Unlike other existing laser and light options for acne treatment, however, Accure is the first light-based platform to selectively target and injure sebaceous glands, the main source of sebum production and the key to a durable solution for acne. The laser, which uses a 1,726-nm wavelength, is being developed by researchers at the Wellman Center for Photomedicine, at Massachusetts General Hospital, Boston and was granted the European CE mark, which allows marketing of the product in Europe, in May of 2020.

Dr. Fernanda H. Sakamoto

In 2012, Dr. Sakamoto, a dermatologist at the center, and her Wellman colleagues were the first to describe the use of selective photothermolysis to target sebaceous glands. “We found that the peak absorption of lipids in sebaceous glands occurs between 1,700 and 1,720 nm,” she said. “Compared to water, the contrast is not high, so for us to develop a laser that is selective for acne, we needed to develop a strong cooling system and we had to create different methods to make it more selective.” She said that it took about 10 years to develop this laser.

The latest Accure prototype features a smart laser handpiece for real time thermal monitoring and precise delivery of laser emissions. “We have developed a mathematical model which permits us to predict safe and effective treatment patterns,” Dr. Sakamoto said at the meeting, which was named “Laser & Aesthetic Skin Therapy: What’s the Truth?” and was sponsored by Harvard Medical School, Massachusetts General Hospital, and the Wellman Center for Photomedicine. “It has a unique cooling system that can control and protect the skin.”

The clinical trial for Food and Drug Administration clearance, which was delayed because of the COVID-19 pandemic, is still underway, she said, and the hope is that the laser will cleared by the FDA by next year. She and her Wellman colleagues have been working with four veteran dermatologists to conduct clinical trials of the device: Emil Tanghetti, MD, in California; Roy Geronemus, MD, in New York; Joel Cohen, MD, in Colorado; and Daniel Friedmann, MD, in Texas. As of Oct. 2, 2021, more than 50 patients were enrolled in four IRB-approved studies and an additional 30 are enrolled in a pilot facial acne trial, Dr.
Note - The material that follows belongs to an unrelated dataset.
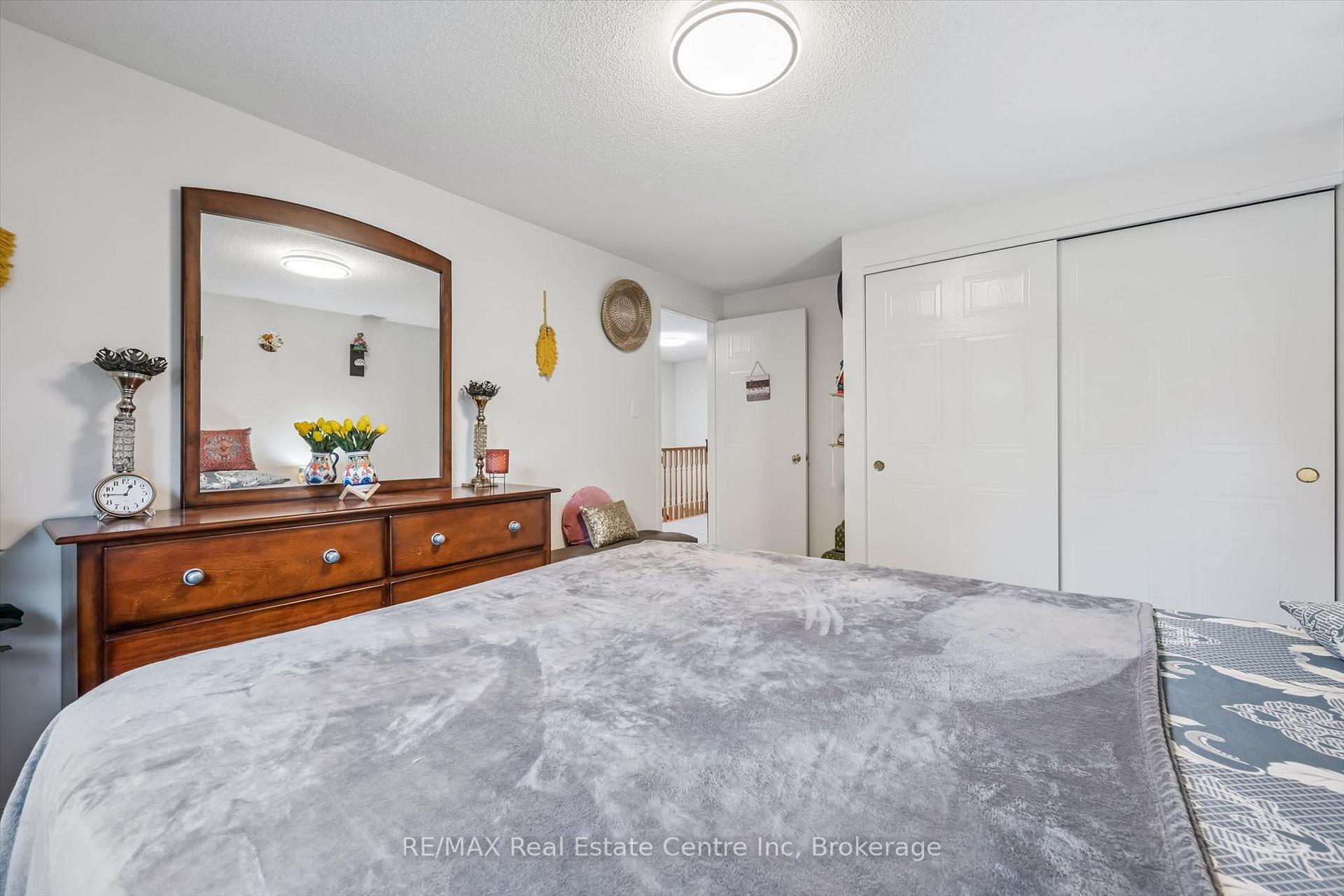 Photo 19 of 425 Exmoor Street, Waterloo, Bridgeport — HOMEH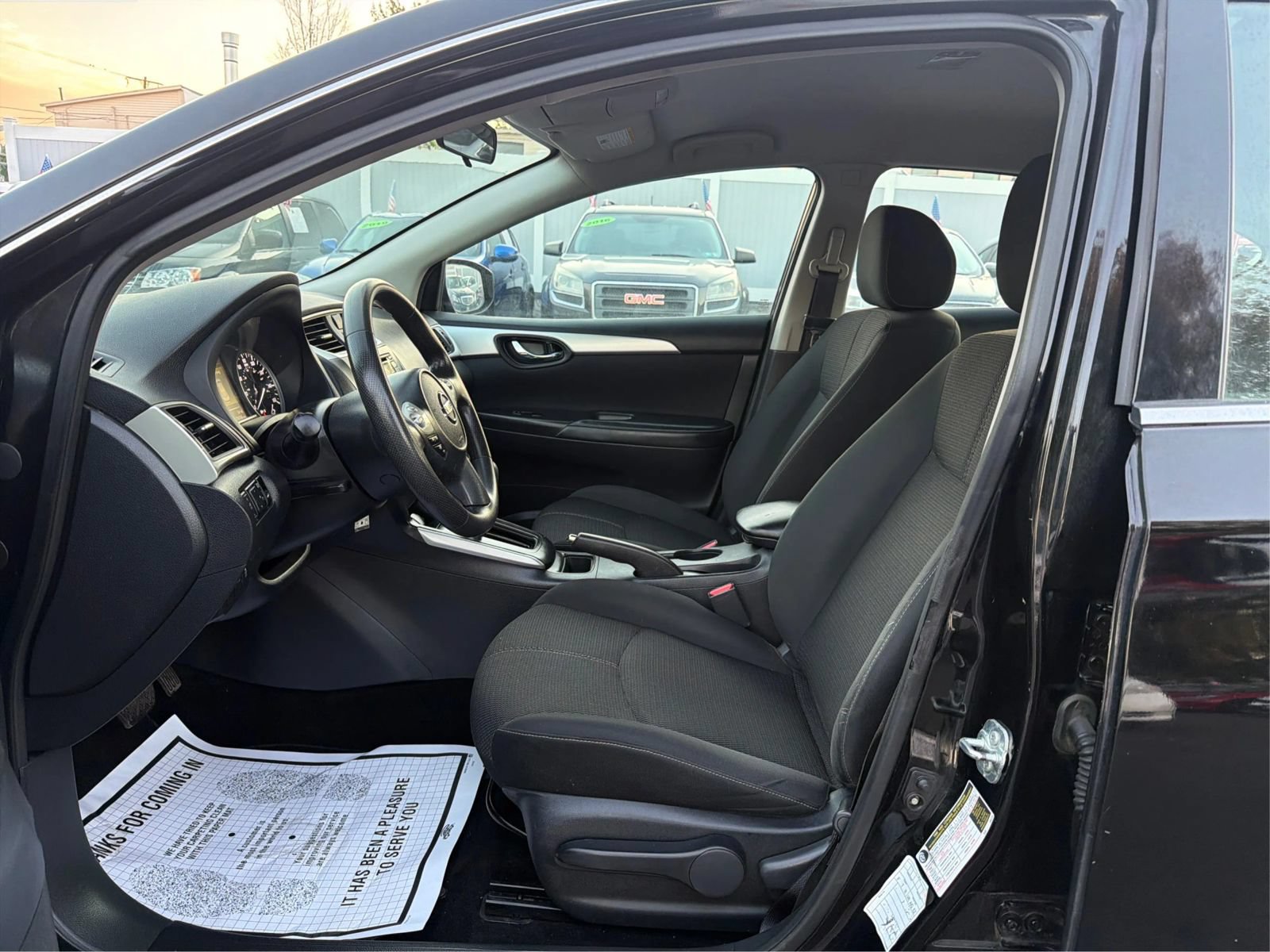 Used 2018 Nissan Sentra S w/ S Midnight Style Package FWD image 9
Sakamoto said. In the trials, patients are followed at 4, 8, 12, and 24 weeks post treatment.



Among patients enrolled in the pilot facial acne trial, researchers have observed a 100% responder rate for patients with more than five acne lesions at 4, 8, 12, and 24 weeks post treatment. The average lesion reduction at week 12 was 82% and the mean Visual Analog Scale score immediately after treatment was 2.10 out of 10. Each patient received more than 12,000 trigger pulls of energy from the device with no adverse events.

“This laser is absorbed in the near-infrared spectrum, so there is no melanin absorption,” Dr. Sakamoto explained. “It’s pretty much a color-blind laser, so we can treat darker skin types safely, with no side effects.” In other findings, researchers observed a 45% reduction in acne lesions after one treatment session, which “keeps improving over time,” she said. “At 12 weeks, we have clearance of over 80% of the lesions.”

At 12 months, they observed a 90% inflammatory lesion count reduction from baseline and a rapid response to treatment: a 73% reduction achieved after the first two treatment sessions. Histological studies revealed selective sebaceous gland destruction with no damage to the epidermis, surrounding dermis, or other follicular structures.

Dr. Sakamoto disclosed that she has received portions of patent royalties from Massachusetts General Hospital. Accure was cofounded by R. Rox Anderson, MD, the director of the Wellman Center.